━━ DATA EXTRACT ━━

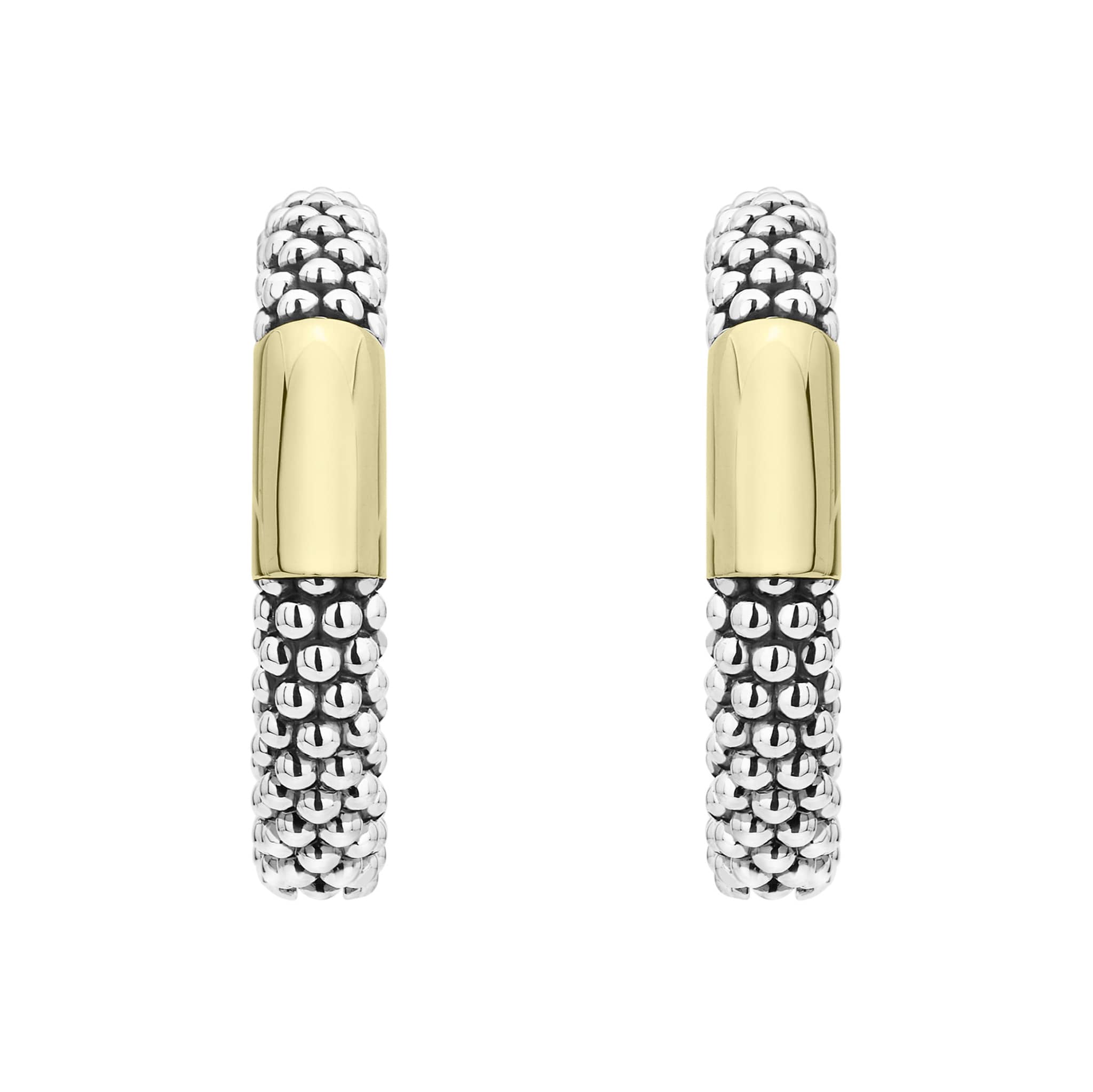 High Bar Two-Tone Station Caviar Hoop Earrings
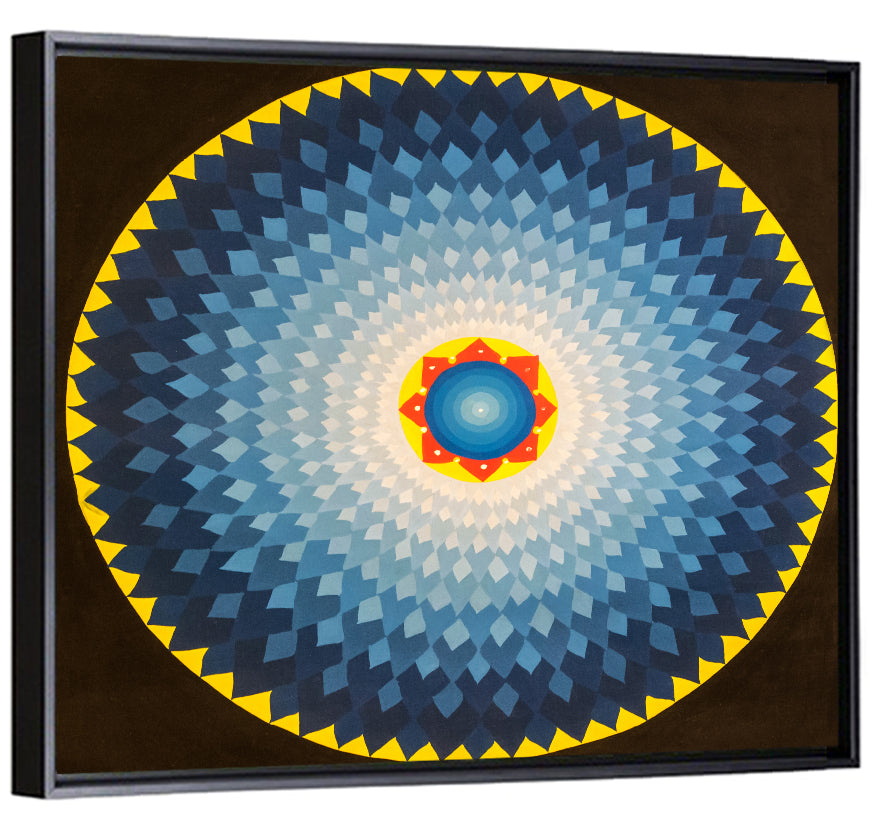 Radiant Blue Sunburst Mandala Wall Art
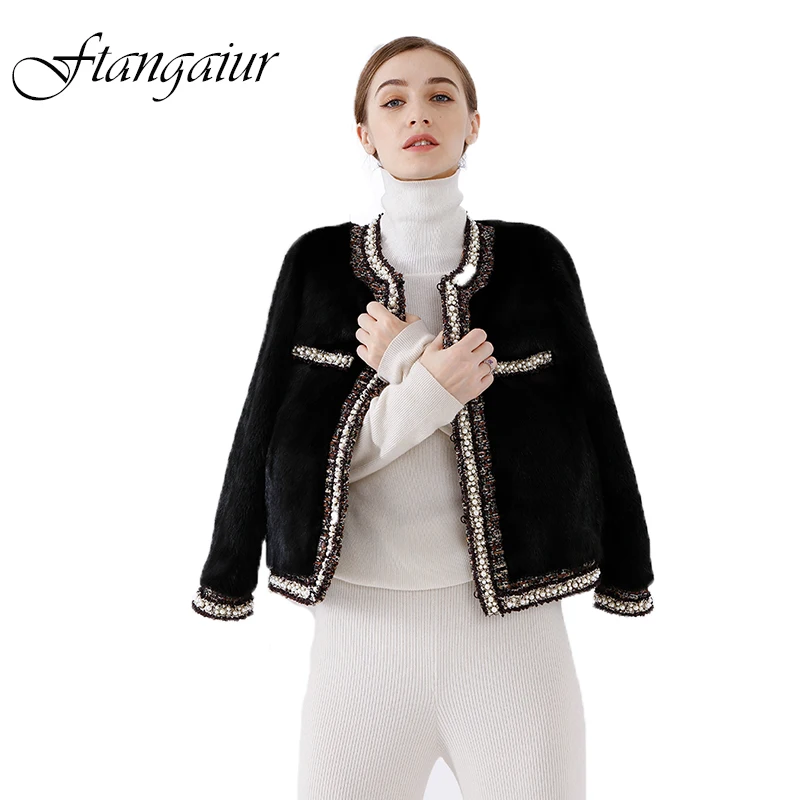 

Ftangaiur New Winter Import Velvet Mink Fur Coat Women Full Sleeve Short O-Neck Solid Beading Natural Real Mink Fur Coats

━━━

**DIRECTIONS FOR THIS TASK:** Print the data above in full and exactly as it appears, skipping the pictures.

**RESPONSE TO THIS EXERCISE:**
 High Bar Two-Tone Station Caviar Hoop Earrings
 Radiant Blue Sunburst Mandala Wall Art

Ftangaiur New Winter Import Velvet Mink Fur Coat Women Full Sleeve Short O-Neck Solid Beading Natural Real Mink Fur Coats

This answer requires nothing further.